Currently 25 wks pg and I am being bought a buggy/pram as a present (lucky me) so cost is not really a factor and I want a decent quality one that will last. My main consideration is that we are do not drive and will be using public transport all the time and I want one that will work well with buses and trains.
Currently interested in the Phil and Teds Explore and the M and P Pliko pramette, but does anyone have experience of using these on public transport? Can anyone recommend a different buggy that is good, from birth, good quality and good for public transport?

Titania Thu 06-Jan-05 13:06:18

the graco citisport is great and though says siutable from birth, if you want a proper pram style 'vehicle' then may not be right for you. Maybe get one with a carseat if you use taxis or buses with seatbelts on (not that there are many i daresay)

nailpolish Thu 06-Jan-05 13:08:33

emmalina, the reviews of buggies/prams etc on mumsnet are really good. go from the home page

nailpolish Thu 06-Jan-05 13:08:56

click on 'find the best'

pesme Thu 06-Jan-05 13:25:24

Personally, I would use a sling for the first few months and then buy a lightweight pushchair such as the maclaren techno. I found the 'travel system' thing abit of a nightmare on buses that are not set up for prams. I had a Jane travel system that was great and folded up umbrella style but was really too heavy to fold up easily. Sorry to ramble, you should attempt to fold up whatever you buy with one hand and imagine holding a baby in the other!
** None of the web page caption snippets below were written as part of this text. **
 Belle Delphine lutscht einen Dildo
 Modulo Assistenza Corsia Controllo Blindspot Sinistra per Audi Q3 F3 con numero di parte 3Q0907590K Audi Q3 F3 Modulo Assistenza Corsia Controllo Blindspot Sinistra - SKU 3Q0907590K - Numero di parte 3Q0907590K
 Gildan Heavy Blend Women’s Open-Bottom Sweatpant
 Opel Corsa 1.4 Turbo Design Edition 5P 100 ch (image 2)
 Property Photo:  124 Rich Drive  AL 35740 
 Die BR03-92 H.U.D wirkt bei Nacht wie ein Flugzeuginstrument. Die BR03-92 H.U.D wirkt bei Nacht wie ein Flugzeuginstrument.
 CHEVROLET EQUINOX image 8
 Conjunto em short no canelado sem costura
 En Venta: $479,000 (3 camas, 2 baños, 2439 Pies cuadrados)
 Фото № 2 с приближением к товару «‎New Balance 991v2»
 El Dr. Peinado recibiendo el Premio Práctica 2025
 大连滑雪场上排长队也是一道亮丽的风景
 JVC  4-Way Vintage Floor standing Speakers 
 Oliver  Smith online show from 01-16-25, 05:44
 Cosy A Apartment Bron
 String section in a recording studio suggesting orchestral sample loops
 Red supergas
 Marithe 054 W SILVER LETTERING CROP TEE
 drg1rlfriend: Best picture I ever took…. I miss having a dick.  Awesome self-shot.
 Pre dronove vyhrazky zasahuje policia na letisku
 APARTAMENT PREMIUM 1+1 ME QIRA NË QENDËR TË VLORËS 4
nailpolish Thu 06-Jan-05 14:43:09

bump

are there 2 of this thread?

Emmalina Thu 06-Jan-05 16:44:31

Thanks all for comments so far. I accidentally posted this in two places, so both threads are me!

jennifersofia Sun 09-Jan-05 00:04:47

Not having a car, and having used buses and trains and tubes extensively, I would basically second what Pesme said. Thin and manoeverable and relatively lightweight are key issues. I did have the citisport and found it good in many ways - lightweight and narrow and raised from ground with protective bar in front which is nice when you are going on crowded public transport - I liked all these features. Negatives were that it did start to feel rather narrow for the babby after a while and quite rickety and not terribly well made. I think the Maclarens are sturdier.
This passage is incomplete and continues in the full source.